No te amaré dos veces,
Y ya no veo en la mar sino la mar.
Pero revoloteo en torno de mis sueños,
E invoco a la tierra, Gólgota para mi espíritu cansado.
Quiero andar,
para andar.
Y caer luego en el camino
a las ventanas de Córdoba.”

Al final del poema Beirut sufre una transformación importante: pasa de ser enamorada a hijo. La figura de amada inalcanzable se torna un hijo rebelde e inmaduro, un hijo que no escucha los consejos del padre (Darwish) que tan sólo desea su felicidad, un hijo que, durmiendo, descuida su propio futuro:

“Beirut, azucena de escombros.
Y primer beso. Apología de las lilas. Abrigo de los muertos y del mar.
Azotea de los astros y las tiendas.
Poema de la piedra. Apuro de dos alondras que en un pecho se esconden.
Firmamento que ha perdido a su hijo y se sienta a pensar sobre una piedra.
Rosa oída: Beirut. Cisura entre la víctima y el sable.
Niño que extravió todas las tablas de la ley,
los espejos,
y luego...Se durmió.”

Esperemos que, por fin y alguna vez, pueda dormir tranquila. Esperemos que, de ciudad de guerra, se convierta en ciudad de paz. Entonces la poesía será el alimento de la paz, sólo así.

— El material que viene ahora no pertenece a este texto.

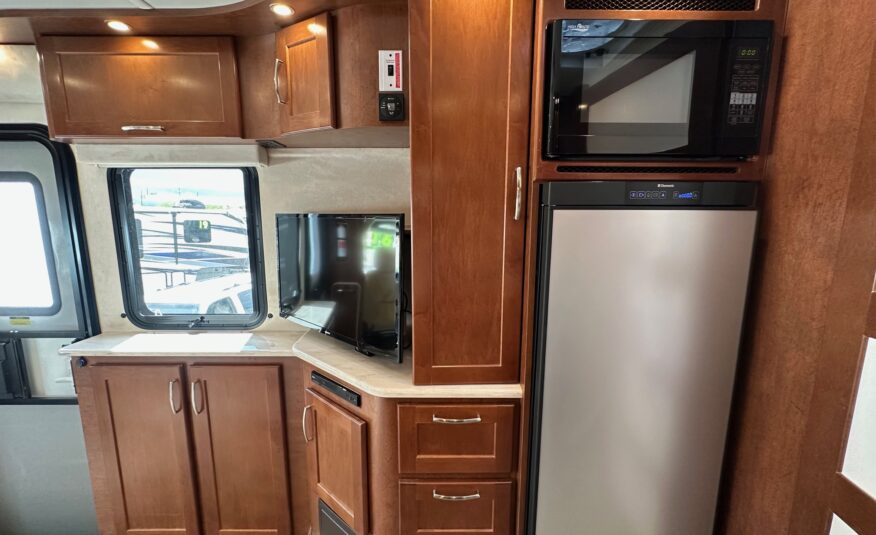 2016 Pleasure-way Plateau XL class C motorhome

Luisa Lezzi es investigadora, Università degli Studi di Lecce.
Notas
1. La enciclopedia Wikipedia define la Falange como movimiento político libanés de extrema derecha, de mayoría cristiano-maronita.
2. La enciclopedia Wikipedia define: “Hezbollah is a political and military party in Libanon founded in 982 to fight Israel in southern Lebanon (…) The organization views an islamic republic, on the Iranian model, as the ideal and eventual form of state(…)”.
3. Todas las traducciones que incluyo aquí son del Prof. Pedro Martínez y se encuentran en: Antologia de Poesia Mediterrània , Primer Encontre dEscriptors del Mediterrani, Ayuntamiento de Valencia, Valencia, 1983, pp.102-116. Mis traducciones, que incluí en mi Tesina, las realicé al italiano, también desde el original en árabe.
4. El mito de la ciudad de Córdoba aparece en otros escritores árabes: por ejemplo en el poema “La llave de nuestra casa” en Recuerdos andalusíes (1955) del poeta sirio Nizar Qabbani.